Sunday, September 13, 2009

The Know-It-All

I just finished a very silly book called The Know-It-All, about a guy who reads the Encyclopedia Britannica in order to become the smartest person in the world. It was a bit of a slog, but there were a couple of passages (out of nearly 400 pages) that struck me.

A fable recounted to the author by a family friend: "This [Middle Eastern] potentate called a meeting of the wise men in his kingdom, and he said, 'I want you to gather all the world's knowledge together in one place so that my sons can read it and learn.' The wise men went off, and after a year, they came back with twenty-five volumes of knowledge. The potentate looked at it and he said, 'No. It's too long. Make it shorter.' So the wise men went off for another year and they came back with one single volume. The potentate looked at it and said, 'No. Still too long.' So the wise men went off for another year. When they came back, they gave the potentate a single piece of paper with one sentence on it. A single sentence. You know what the sentence was?

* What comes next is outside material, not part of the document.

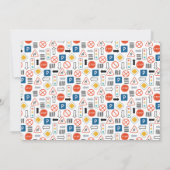 Moderne foto Verjaardag van het wegvervoer Kaart (Achterkant)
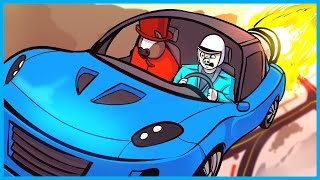 GTA 5 Online Funny Moments  Rocket Car Fun Ruiner 2000 KIT Car and Disgusting Mask Glitches [upl. by Putnem]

The sentence was: 'This too shall pass.'"

An excerpt from the encyclopedia entry on Tolstoy referring to Anna Karenina's brother Stiva: "Stiva, though never wishing ill, wastes resources, neglects his family and regards pleasure as the purpose of life. The figure of Stiva is perhaps designed to suggest that evil, no less than good, derives from the small moral choices human beings make moment by moment."